Diyanto

  • Biografi Seniman

    Sebagai seniman multidisipliner, Diyanto (lahir di Majalengka, 1962) tidak hanya menekuni bidang seni lukis, namun juga tertarik dengan performance art, seni instalasi, proyek site-specific, serta penataan artistik dalam pertunjukkan teater. Ia pernah mengikuti Bengkel Kerja Pelukis Muda ASEAN di Nanyang Academy of Fine Arts, Singapura di bawah arahan Tang Da Wu pada tahun 1987. Ia juga menyelesaikan studi Seni Rupa di Institut Teknologi Bandung (ITB) dan melanjutkan studi Skenografi Pertunjukan Teater di Augsburg, Jerman tahun 1992.

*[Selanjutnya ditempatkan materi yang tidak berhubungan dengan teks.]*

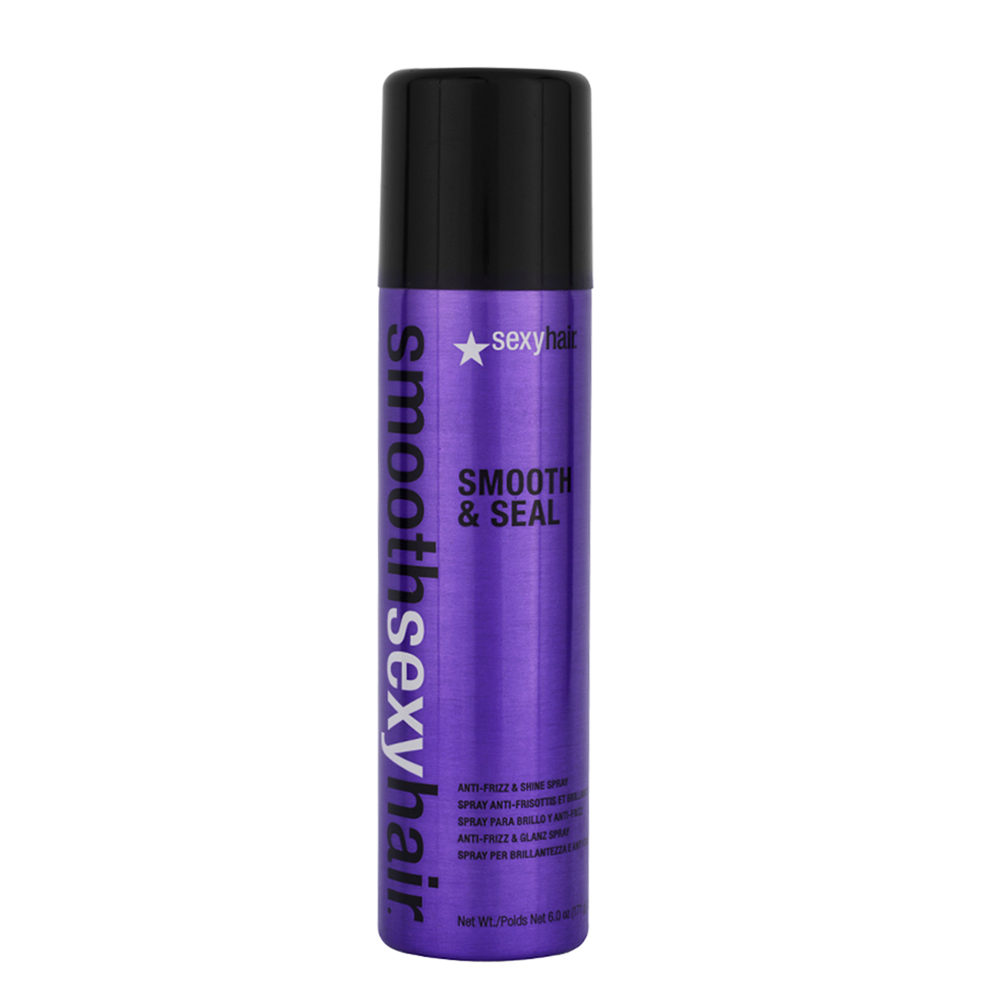 1.5 barrel curling wand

    Ketertarikannya pada metode lintas disiplin membawanya pada sebuah kepercayaan bahwa kerja melukis tidak hanya mungkin dicapai melalui kerja studio dan prosedur yang ketat. Menurutnya, proses melukis adalah upaya membaca dan merumuskan realitas melalui pemahaman komprehensif di luar persoalan teknis. Sikap ini mendorongnya untuk peka terhadap romantika sosial namun sekaligus menggugah ketidakpercayaannya pada sesuatu yang bersifat semu, konkret, "warisan", dan juga absurd. Selain itu, sikap ini juga menyebabkan Diyanto terus mencari hakikat dirinya sebagai individu yang otonom di tengah gempuran modernitas.

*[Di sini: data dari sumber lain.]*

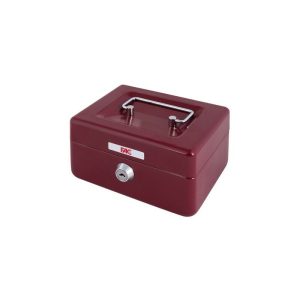 Caudalita n. 1-ROJO - fac barato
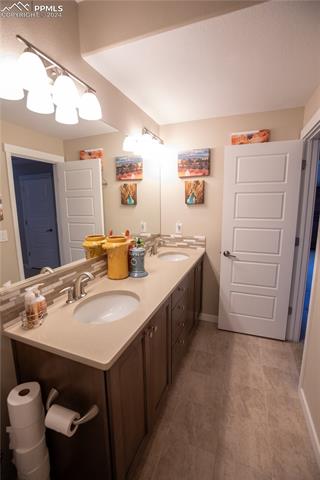 9321 Kathi Creek Drive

    Diyanto pernah menggelar beberapa pameran tunggalnya, termasuk Simfoni Patetik Diyanto, Lawangwangi Creative Space, Bandung (2023), Troubadour Magma, Thee Huis gallery, Taman Budaya Jawa Barat (2014), dan Over the Border, Sunan Ambu, STSI Bandung (2010). Sementara itu, ia juga aktif terlibat dalam beberapa pameran kelompok, seperti By Hand: in The Fringe Exhibition,Lawangwangi Creative Space, Bandung (2024), Bandung Painting today, Grey Art Gallery, Bandung (2024), Merupa Kata, Mola art gallery, Bandung (2024), dan ArtistBook, Thee Huis Gallery, Taman Budaya Bandung (2022).

  • Konsep Karya

    Tiga panel pada lukisan The Losing Memo menyajikan potongan-potongan narasi dalam tiga bagian yang bisa diurutkan sebagai kesatuan. Bagian paling kiri diinspirasikan oleh tragedi Hamlet, sandiwara karya William Shakespeare mengenai intrik kekuasaan dalam keluarga kerajaan. Hamlet adalah Pangeran Denmark yang berupaya menyelidiki kematian ayahnya. Arwah Raja yang menemuinya mengatakan bahwa dia telah dibunuh oleh sang paman, yang kemudian naik tahta dan menikahi ibunya. Sandiwara yang ditulis pada 1599-1601 ini diterjemahkan pertama kali ke dalam bahasa Indonesia oleh Trisno Sumardjo, pelukis dan kritikus seni pada 1950. Keragu-raguan Hamlet untuk membalas dendam kematian ayahnya membuat kisah ini berkembang rumit. Diyanto membuat tafsir moral dan visual drama ini sebagai titik tolak naratif karyanya.

    Panel kedua menghadirkan adegan para perempuan yang menjadi barikade untuk melindungi sebuah pohon besar yang mirip rumah hantu. Nun di sana, di kejauhan tampak rongsokan bangunan, jejak-jejak kekejaman perang yang kini menjadi Monumen Perdamaian Hiroshima. Bukan pemandangan sublim yang kita saksikan di bagian ini, melainkan aksi koboi paska penghancuran. Kondisi khaos menyudahi panel terakhir yang merefleksikan ancaman perang, kelaparan serta perubahan iklim yang dialami oleh dunia saat ini. Konflik dan kepentingan akan mengubah makhluk cerdas yang peragu seketika menjadi serigala bagi sesamanya - homo homini lupus est. Masing-masing bagian lukisan ini bisa dideskripsikan secara naratif, namun karya ini secara utuh mewakili sebuah panggung peristiwa di mana narasi dan adegan yang satu dimaknai oleh bagian-bagian lainnya.

    Diyanto adalah pelukis dan skenografer. Struktur pengadeganan yang nonlinier di atas panggung teater dipinjamnya sebagai sudut pandang untuk menafsirkan kenyataan. Di dalam panggung kita adalah para penonton, akan tetapi di luar panggung kita berubah menjadi manusia yang ditonton, para pemain drama dan tragedi yang eksis di dunia nyata. Seni rupa dan panggung seperti mantel yang dapat dibuka untuk "memperkarakan kembali moralitas, empati, dan membayangkan resiko ketika manusia kembali gagal dalam memuliakan nilai kemanusiaan".